Kelechi Deca has over two decades of media experience, he has traveled to over 77 countries reporting on multilateral development institutions, international business, trade, travels, culture, and diplomacy. He is also a petrol head with in-depth knowledge of automobiles and the auto industry

European Union To Add Mauritius, Other African Countries To Its Money-Laundering Black-list

The European Commission aims to intensify its scrutiny of states posing money-laundering risks, and is looking into creating a new body to help police financial crime and monitor banks more strictly, draft documents seen by Reuters show. One document, expected to be published on Thursday, adds Panama and other countries to an existing blacklist but spares Saudi Arabia and U.S. territories that had been put on an earlier list before being shelved in the face of objections.
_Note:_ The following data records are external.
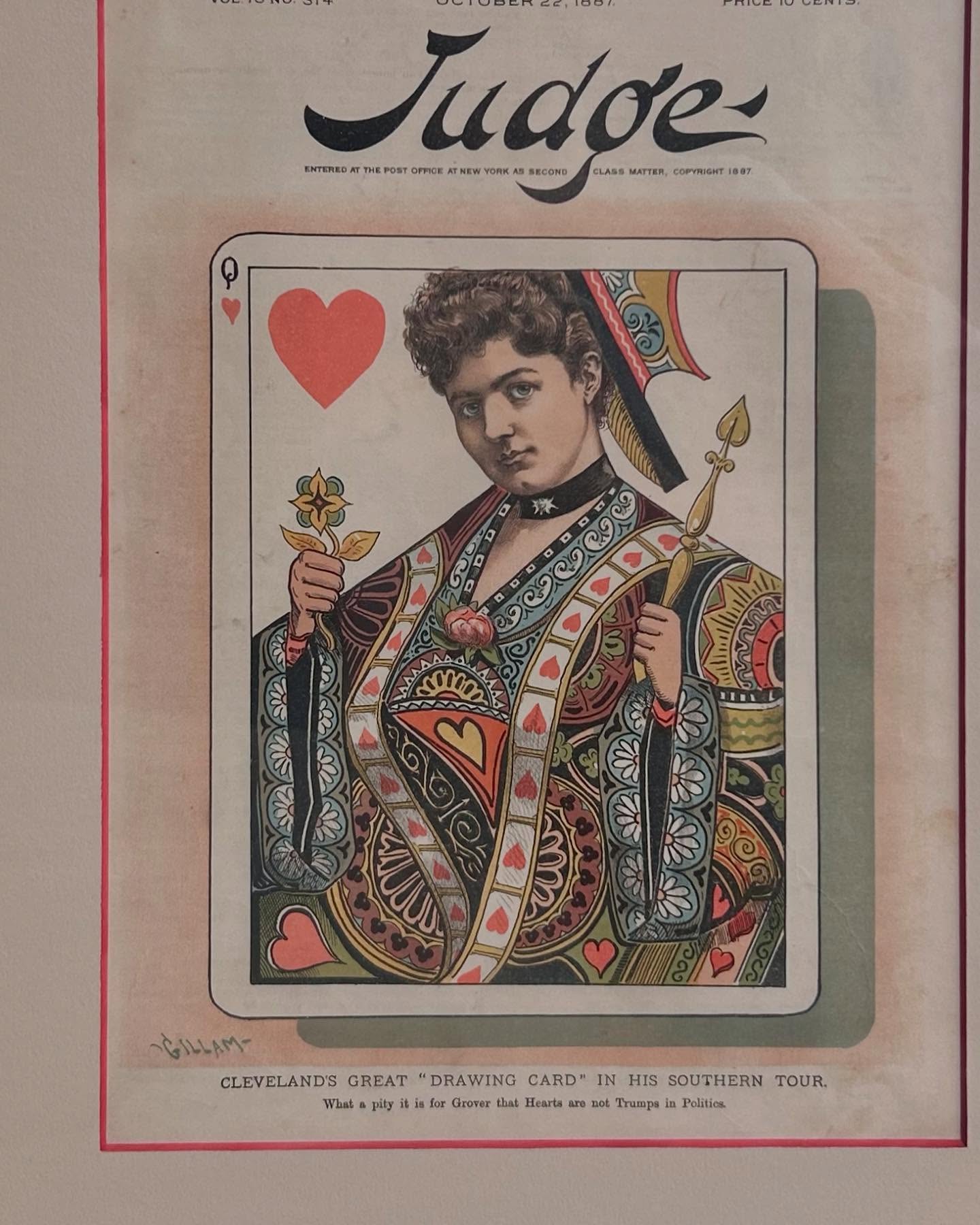 Antique 1887 Frances Cleveland's Great Drawing Card Framed Lithograph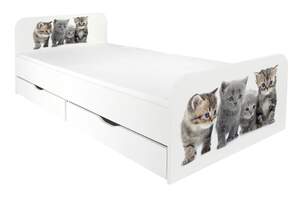 łóżko kotki 200 x 90 cm z materacem i szufladami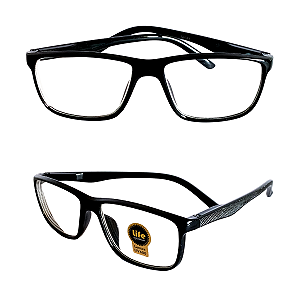 Óculos Grau -0.50 a -5.00 Justin Preto Miopia
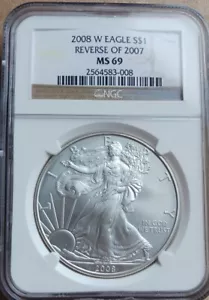 2008W Rev. 0f 2007 American Silver Eagle NGC MS69 Burnished PQ - Picture 1 of 2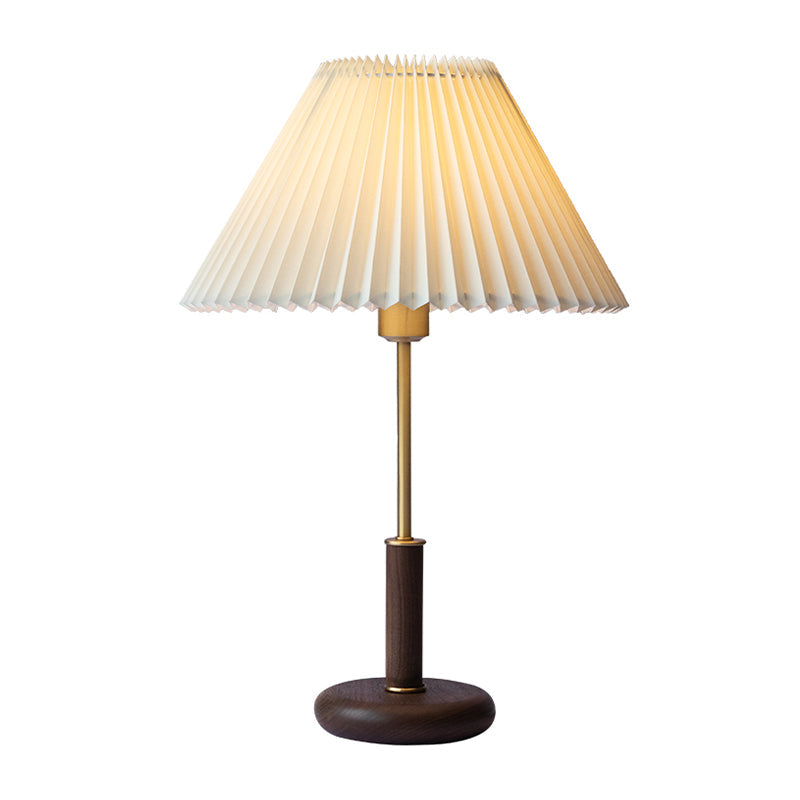 Minimalistic Plastic Beige Table Lamp: Pleated Shade Conical Design 1 Bulb Brown Base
Here Is All You Need To Know

  • A second document, also due on Thursday, suggests giving the European Union more powers to tackle financial malfeasance within the bloc after a spate of scandals at large banks dented the EU’s reputation.
  • The proposal, still subject to changes, says the EU could set up by 2023 a common supervisory body in charge of carrying out inspections at banks and possibly empowered to impose sanctions and identify suspicious payments.
  • The revised money-laundering list, expanded to include 22 from 16 states, is set to take effect from October.
  • Under the draft proposal, the Commission added Panama, the Bahamas, Mauritius, Barbados, Botswana, Cambodia, Ghana, Jamaica, Mongolia, Myanmar, Nicaragua and Zimbabwe to its list of countries that “pose significant threats to the financial system of the Union” because of failings in tackling money laundering and terrorism financing.
  • Banks and other financial and tax firms will be obliged to scrutinise more closely their clients who have dealings with these countries. Companies in listed states are also banned from receiving new EU funding.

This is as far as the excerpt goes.